TASK DETAILS>
All entries must be transcribed without a single difference.

DATA SUPPLIED>
⟨

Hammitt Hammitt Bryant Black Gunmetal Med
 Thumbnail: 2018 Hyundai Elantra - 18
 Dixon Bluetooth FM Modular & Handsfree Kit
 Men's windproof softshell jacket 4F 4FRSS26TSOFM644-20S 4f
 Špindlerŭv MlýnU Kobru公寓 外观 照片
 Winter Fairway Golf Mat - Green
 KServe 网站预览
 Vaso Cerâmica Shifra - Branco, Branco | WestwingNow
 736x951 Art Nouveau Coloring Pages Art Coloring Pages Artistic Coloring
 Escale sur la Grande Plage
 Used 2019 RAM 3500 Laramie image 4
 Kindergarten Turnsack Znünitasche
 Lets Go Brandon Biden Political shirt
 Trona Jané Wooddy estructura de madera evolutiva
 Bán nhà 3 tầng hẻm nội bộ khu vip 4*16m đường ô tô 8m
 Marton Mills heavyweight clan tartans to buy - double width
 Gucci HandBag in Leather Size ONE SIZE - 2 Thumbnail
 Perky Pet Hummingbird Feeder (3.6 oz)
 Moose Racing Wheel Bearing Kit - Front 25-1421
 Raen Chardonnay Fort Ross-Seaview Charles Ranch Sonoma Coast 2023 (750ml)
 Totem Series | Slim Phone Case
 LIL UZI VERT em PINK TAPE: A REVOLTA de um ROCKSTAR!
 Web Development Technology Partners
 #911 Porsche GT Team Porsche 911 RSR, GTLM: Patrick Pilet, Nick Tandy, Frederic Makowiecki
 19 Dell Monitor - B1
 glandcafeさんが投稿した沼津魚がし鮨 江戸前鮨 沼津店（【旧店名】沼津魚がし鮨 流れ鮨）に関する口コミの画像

⟩

ANSWER FOR THIS EXERCISE>
Hammitt Hammitt Bryant Black Gunmetal Med
 Thumbnail: 2018 Hyundai Elantra - 18
 Dixon Bluetooth FM Modular & Handsfree Kit
 Men's windproof softshell jacket 4F 4FRSS26TSOFM644-20S 4f
 Špindlerŭv MlýnU Kobru公寓 外观 照片
 Winter Fairway Golf Mat - Green
 KServe 网站预览
 Vaso Cerâmica Shifra - Branco, Branco | WestwingNow
 736x951 Art Nouveau Coloring Pages Art Coloring Pages Artistic Coloring
 Escale sur la Grande Plage
 Used 2019 RAM 3500 Laramie image 4
 Kindergarten Turnsack Znünitasche
 Lets Go Brandon Biden Political shirt
 Trona Jané Wooddy estructura de madera evolutiva
 Bán nhà 3 tầng hẻm nội bộ khu vip 4*16m đường ô tô 8m
 Marton Mills heavyweight clan tartans to buy - double width
 Gucci HandBag in Leather Size ONE SIZE - 2 Thumbnail
 Perky Pet Hummingbird Feeder (3.6 oz)
 Moose Racing Wheel Bearing Kit - Front 25-1421
 Raen Chardonnay Fort Ross-Seaview Charles Ranch Sonoma Coast 2023 (750ml)
 Totem Series | Slim Phone Case
 LIL UZI VERT em PINK TAPE: A REVOLTA de um ROCKSTAR!
 Web Development Technology Partners
 #911 Porsche GT Team Porsche 911 RSR, GTLM: Patrick Pilet, Nick Tandy, Frederic Makowiecki
 19 Dell Monitor - B1
 glandcafeさんが投稿した沼津魚がし鮨 江戸前鮨 沼津店（【旧店名】沼津魚がし鮨 流れ鮨）に関する口コミの画像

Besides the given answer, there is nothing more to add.